Wonder Girls became the first K-Pop group to ever go viral on YouTube with “Nobody” in late 2008 and early 2009. The catchy English lyrics and simple easy-to-learn choreography captivated many across the world and helped make K-pop reach overseas sparking a trend for more songs in 2009 to follow this formula. Super Junior’s “Sorry, Sorry” was the next song to go viral internationally, as it sparked endless flash mobs and became one of the most view K-Pop music videos at the time. “Gee” by Girls’ Generation also became a big song of 2009, enjoyed globally with friendly lyrics and choreography. “Gee” would go onto become the most viewed K-Pop music video for several years and was the first K-Pop girl group music video to hit 100 million views on YouTube. The massive success for this song helped solidify it as “Song of the Decade” by several news sources and labeled Girls’ Generation as the Nation’s Girl Group. As K-Pop’s Golden Age continued to shine in Asia, several K-Pop soloist began to try to and climb the American.

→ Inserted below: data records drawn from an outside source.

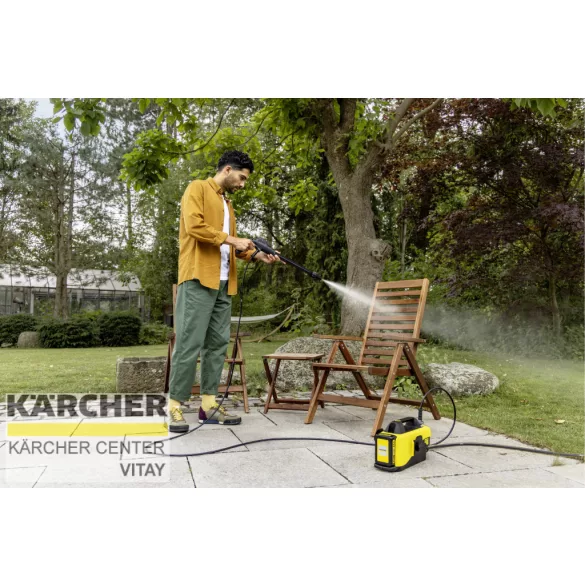 KÄRCHER OC 6-18 akkumulátoros mobil kültéri tisztító szett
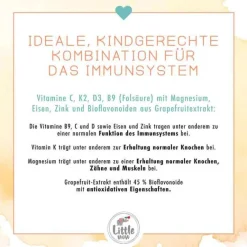 Sale Little Wow Immun Kids Immunsystem Kind.vegan Kapseln , 90 St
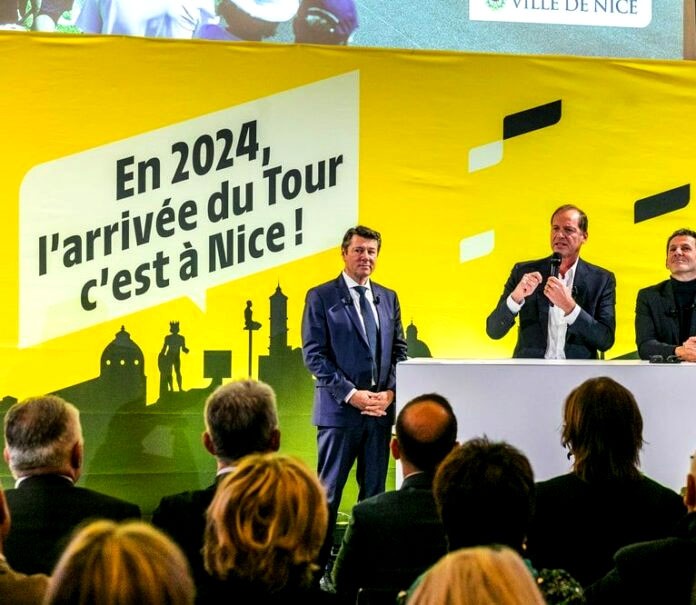 Arrivée du tour 2024 à Nice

Through the rise of the digital era throughout the world, music releases have began releasing through digital means as well. Physical sales have began to decline as the industry switched over. South Korea however, has managed to defy the trend and steadily grow their physical sales. **Colelct collect collect!*** In 2013, EXO became the first K-Pop group, in over a decade to hit one million copies in album sales. In November 2017, BTS performed at the American Music Awards, marking what was the most high-profile appearance by Korean idol group at any American mainstream music event. BTS is a prime example of K-Pop’s influence in the western media. Many American artists, such as Steve Aoki and, the more recent collaboration, Halsey have sought to work with BTS.  


The power of K-Pop has continually grown bigger and bigger each year across the world and became a genre that made a name for itself in new markets tanks to the growing digital age. In 2012, YG Entertainment’s Psy released “Gangnam Style.” This was a groundbreaking milestone in K-Pop history. “Gangnam Style” quickly became a viral hit amounting to over a billion views; it forced YouTube to upgrade their view counter to accommodate for such a number. To this day, “Gangnam Style” still remains as one of the most K-Pop videos on YouTube. It put the word K-Pop into an even greater audience and certainly contributed to widespread notoriety of K-Pop as a genre.